Secondly, while the national government’s control over immigration policy is now consolidated, the United States remains a federal system with 50 states that are free to craft their own approaches on how to treat immigrants once they arrive. Driving the disparate state approaches to immigrants is the fact that undocumented immigrants tend to settle in only 5 states.

The failed federal border policy and interior enforcement policies that have resulted in an undocumented population of approximately 11 million people has disproportionately affected only a handful of states. The taxpayers of these states must shoulder the costs for undocumented immigrants in public schools, prisons, and medical care because of a failed national enforcement policy. This fiscal concern has been one of the driving forces for the profusion of state and local policy making on immigration that began in the early 2000s. Add to that nativism, racism, and perceived unfair economic competition during a weak economy, and you have a potent brew.

Finally, the United States remains a government of separate branches sharing power. When divided government ensures that different political parties dominate separate branches of government, it is a recipe for frequent conflict and gridlock on hot button issues like immigration. Case in point: the hostile reception of the congressional Republicans and the federal judiciary to President Obama’s executive actions on immigration, which he argued congressional inaction necessitated. In opposing his executive actions, congressional Republicans and other critics have argued in part that Obama had overreached his authority and impermissibly bypassed or ignored existing laws passed by democratic bodies.

The dispositive judgment on Obama’s executive actions on immigration (even though the Supreme Court failed to render one when it deadlocked 4-4 in United State v Texas) has been rendered by politics. Indications of partisanship can be found in the reaction to District Court Judge Andrew Hanen who was criticized for frequently sprinkling political commentary in his decisions about immigration including his decision in United States v Texas, which halted Obama’s Deferred Action for Parents of Americans program. Further evidence of the political divide on immigration is the split along ideological lines among the three-judge Fifth Circuit panel that affirmed Hanen’s decision.
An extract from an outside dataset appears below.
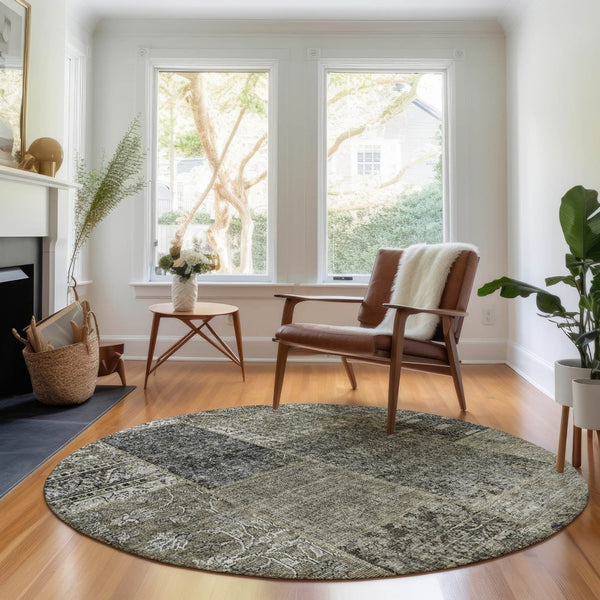 HomeRoots 8' Stylish Taupe Gray & Brown Patchwork Round Rug - Washable, Stain-Resistant, UV Protected Design 655472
Presently, the biggest constraint on the authority that a president may exercise on immigration policy is not constitutional but political in origin. Skirmishes between the national government and the states continue to erupt over immigration policy. These fights inevitably spill over to the federal judiciary, which is the tie-breaker in federalism disputes between the national government and the states. And as the battles move to the federal level, further fissures are exposed in these inter-branch fights. 

Despite the inaction toward sorely needed comprehensive immigration reform, the great irony is that the very federal system that was the source of so much of the constitutional conflict in the antebellum period may now be the safety valve. While the national government continues to suffer a debilitating stalemate on the immigration issue, varieties of reforms and innovations (both restrictive and pro-immigrant) have been going on for some time at the state and local levels in the absence of federal leadership. Rather than trying to work with a recalcitrant Congress, the new president might consider thinking out of the federal box and work to coordinate with governors and other state officials to make sure some immigration reforms take places at least on the state level.

Anna O. Law holds the Herbert Kurz Chair in Constitutional Rights in the department of political science at City University of New York, Brooklyn College. She teaches and conducts research in the areas of U.S. constitutional law and history and U.S. immigration law and history. She is the author of The Immigration Battle in American Courts (Cambridge 2010). Her current book project is on immigration federalism and slavery from the colonial period to 1882.